Reeves and Weissmuller

The plot of Jungle Jim is the typical jungle-adventure-film malarkey. A scientist named Dr. Hilary Parker (Virginia Grey) is searching for the lost temple of Zimbalu, which has great archaeological value. Zimbalu may contain gold, but — more importantly — it might be the source of a substance that could be used to cure infantile paralysis if placed in the right hands. (Paging Dr. Jonas Salk!)

Curing polio is Dr. Parker’s goal, but it’s not the goal of safari member Bruce Edwards (played by George Reeves, who would go on to play Superman on TV in the ’50s). Edwards is only in it for the gold, and doesn’t care who he has to stab in the back to get it.

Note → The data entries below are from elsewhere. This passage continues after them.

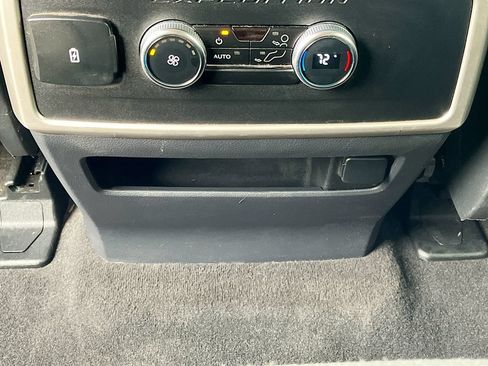Used 2024 Ford Expedition XLT AWD/4WD image 24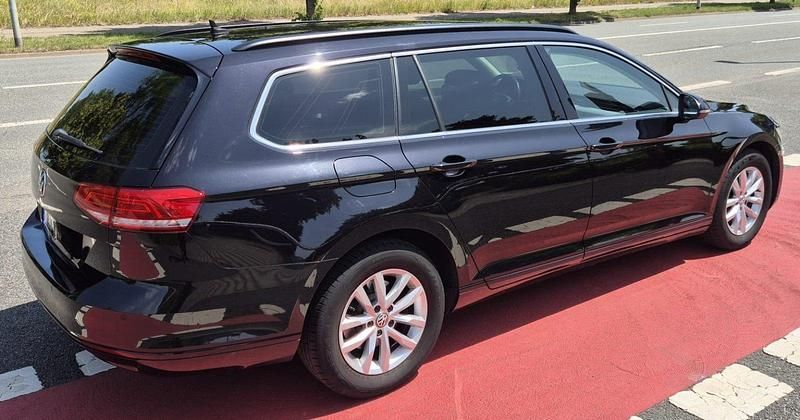 Gebraucht VW Passat 150 PS (110 kW) 2015 Schwarz Kombi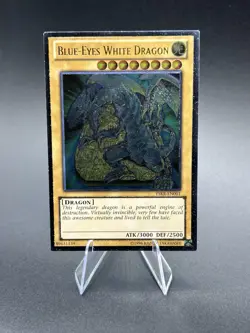 Yugioh Blue-Eyes White Dragon Ultimate Rare YSKR-EN001 Mint - Image 1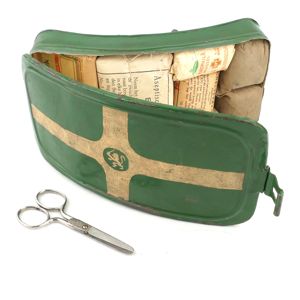 Dutch Medical Kit with Contents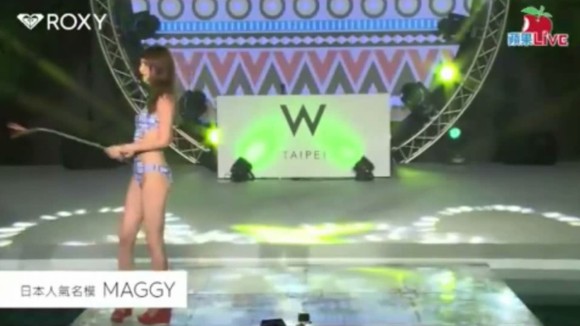マギーのセクシー水着がいやらしい 25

There’s also a beautiful “native” girl named Zia (Lita Baron), who doesn’t know why Dr. Parker dresses and acts like a man, and is jealous of the attention Jungle Jim pays to Dr. Parker.

Like most low-budget jungle adventures, Jungle Jim employs lots of stock footage. An entire sequence is edited to make it appear as if Dr. Parker’s dog Skipper is interacting with a little monkey. There’s also a crocodile attack, a monkey stealing honey, and a crow smoking a pipe. The emphasis in Jungle Jim is on action above all else. An elephant stampede is immediately followed by a rock slide, which is followed by the shapely Zia dancing spastically around a campfire.

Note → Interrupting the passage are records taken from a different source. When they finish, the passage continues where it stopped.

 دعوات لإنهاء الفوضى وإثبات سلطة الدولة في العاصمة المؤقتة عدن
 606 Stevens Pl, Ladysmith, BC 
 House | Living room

Jungle Jim is dumb, but plenty of fun if you like B-movies set in the jungle. If you like beautiful women, there’s plenty to enjoy, too. Grey and Baron are both stunning. Dr. Parker is supposed to be mannish, but those glasses don’t cut it.

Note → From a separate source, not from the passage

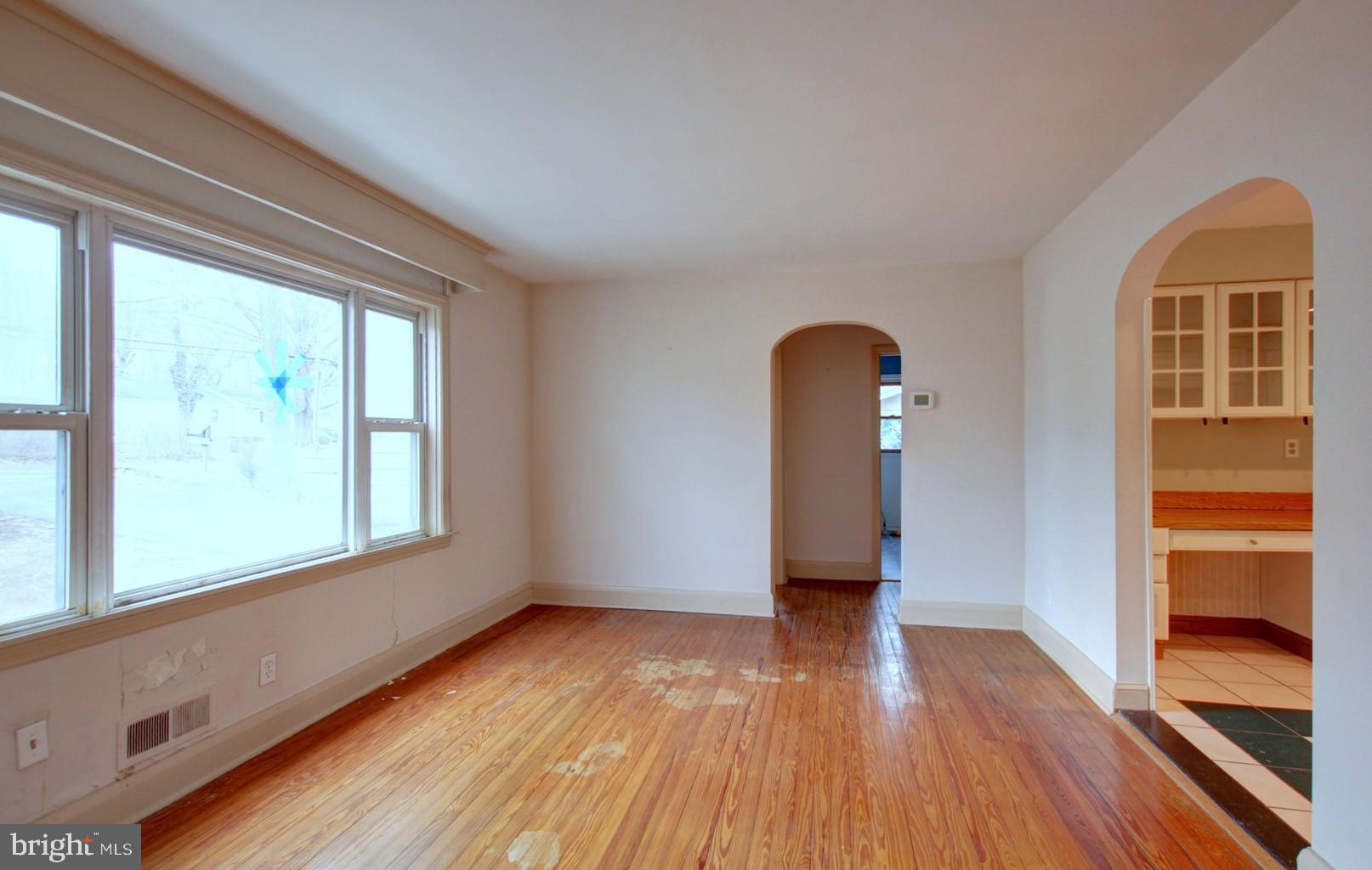 197 Magothy Beach Road Pasadena, MD 21122 - Photo 5 of 25 Dining room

Street Corner (Dec. 3, 1948)

Street Corner

Street Corner (1948)
Directed by Albert H. Kelley
Wilshire Pictures Corp.

Street Corner is one of several “sex hygiene” films that followed in the wake of Kroger Babb’s notorious roadshow presentation Mom and Dad (1945) and attempted to copy its phenomenal success.

Like all exploitation movies from the 1940s, Street Corner had to demonstrate some kind of legitimate educational value in order to show lurid footage that could never make it into mainstream Hollywood entertainment, like syphilitic penises and close-up footage of babies being born.

Street Corner does a much better job of walking this line than a trashy picture like Test Tube Babies (1948). Its call for facts-based sex education for young people is a noble one, although the film is in every way a product of its time.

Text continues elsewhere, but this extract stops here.